The most insightful answer probably comes from Booktopia ((BKG)) which listed late last year but would never have been able to IPO in the year leading up to Amazon's arrival. Yet, here we are, with Booktopia reporting record growth and with both company management and analysts forecasting ongoing strong growth numbers for the years ahead.
Admittedly, the Booktopia share price hasn't exactly performed strongly post the initial fresh listing excitement, but there are many factors in play, and it remains early days yet to make any sort of firm judgment.
Meanwhile, JB Hi-Fi shares recently set a fresh all-time record high, while Kogan shares did so last year, and Harvey Norman -believe it or not- is finally closing in on the all-time high reached in 2007 (pre-GFC).
A similar fear has gripped parts of the investment community regarding a potential new class of drugs that might impact on sales of immunoglobulin (Ig), which is the bread and butter for the likes of Grifols in Spain, Takeda in Japan, Octapharma in Switzerland, and CSL in Australia.
Without getting lost in healthcare techno-lingo, US-based biotech argenx is currently trialling a FcRn drug for Chronic Inflammatory Demyelinating Polyneuropathy (CIDP), and showing great promise.
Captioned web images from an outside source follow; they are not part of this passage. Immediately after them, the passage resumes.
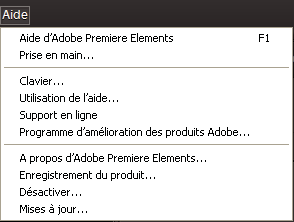Prise en main d Adobe Premiere Elements 5 plus d informations sur le client d aide de la communauté, reportez-vous à la section http://www.adobe.com/go/learn_prechc_fr.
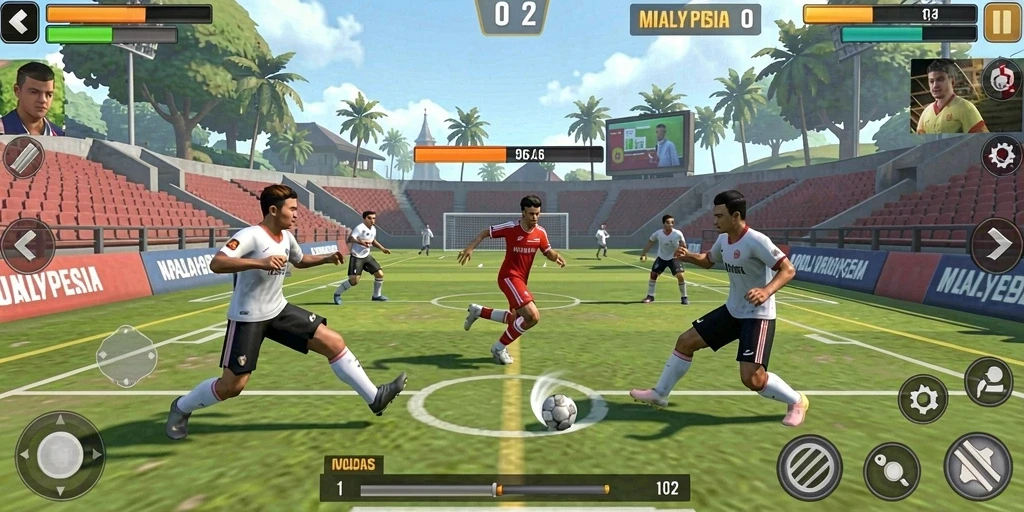 Tangkapan layar ini menunjukkan karakter utama dalam aksi.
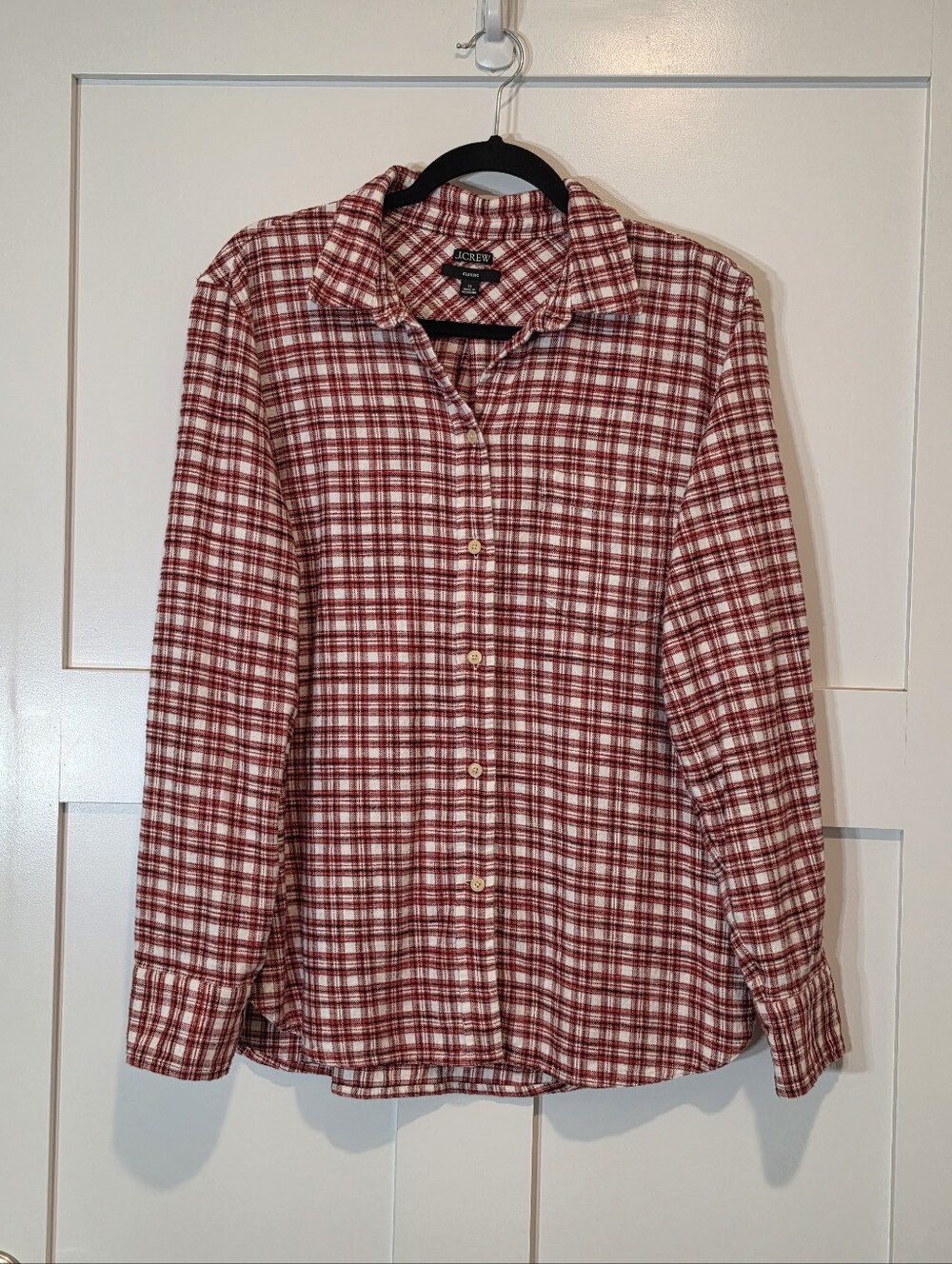 J. Crew Classic Fit Button Down Plaid Flannel Shirt Tartan Red White Cotton 12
CIDP is a rare condition with only 40,000 patients being treated annually, but it does account for circa US$3bn of the US$12.8bn of global annual Ig sales. In other words: a highly successful argenx market entrance can potentially put a big dent in the plasma industry's annual sales.
This is probably where the comparison with Amazon meets the reality of every day life inside hospitals and the healthcare industry in general. For starters, argenx is currently the front runner for this new industry but, assuming everything works out well from here onwards, a genuine competitive threat might not be seen until a number of years from today.
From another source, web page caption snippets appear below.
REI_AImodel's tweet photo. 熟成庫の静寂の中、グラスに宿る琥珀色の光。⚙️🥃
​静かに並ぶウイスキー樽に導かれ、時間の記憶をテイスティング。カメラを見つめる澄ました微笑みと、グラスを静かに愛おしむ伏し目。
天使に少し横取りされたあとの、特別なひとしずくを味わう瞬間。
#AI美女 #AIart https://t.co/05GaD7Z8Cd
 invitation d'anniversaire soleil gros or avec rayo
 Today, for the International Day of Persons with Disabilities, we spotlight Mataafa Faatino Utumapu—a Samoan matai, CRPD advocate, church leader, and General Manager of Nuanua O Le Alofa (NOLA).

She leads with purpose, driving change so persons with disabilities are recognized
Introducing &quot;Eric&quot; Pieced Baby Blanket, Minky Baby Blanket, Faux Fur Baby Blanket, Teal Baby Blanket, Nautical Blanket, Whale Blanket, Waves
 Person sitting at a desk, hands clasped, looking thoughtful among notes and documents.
A recent industry study by Credit Suisse gives a successful argenx FcRn product launch a 70% chance by 2025 with an estimated peak potential of US$1.2bn in annual sales years later. This remains less than half of the current US$3bn in annual Ig sales that would be affected.
Not surprisingly, Credit Suisse analysts believe market fears about this new upcoming threat look "too pessimistic". On Credit Suisse's assessment there is no shortage in demand, hence Ig lost to FcRn will simply find a customer elsewhere.
Others have expressed similar views and forecasts, while not necessarily having conducted a similar survey of US neurologists to produce an in-depth industry report in the same fashion as Credit Suisse did. Grifols' share price since January 1st looks quite similar as CSL's.
Argenx is not the sole competitor aiming to make an impact, not by the slightest. Takeda, and others, have been cranking up competition in so-called Specialty Products; high margin, strongly growing market segments. Local analysts, in response, have been scaling back their growth projections for CSL in coming years.
The bottom line remains the same, however, and this is that CSL will very much continue growing its business, profits and dividends in the years ahead, occasionally impacted or interrupted by external factors such as currencies, government policies and competition.
Which is why I believe last week's upgrade to Outperform with a twelve months price target of $315 might prove quite the pivotal event for shareholders and investors in the company.
Following their recent industry study, Credit Suisse analysts have positioned their CSL EPS forecast for FY22 -11% below market consensus, but still decided to upgrade the stock.
The difference, say the analysts, between a base case scenario for Ig sales and the bear case scenario is between 10% growth per annum and 7% growth per annum between 2025-2030.
Credit Suisse's updated projections imply CSL will report negative EPS growth in FY22, followed up by a strong, double-digit rebound in FY23. History suggests such an outcome looks but plausible. But as today's expose shows, it ain't the only factor impacting on the share price, not by a long stretch.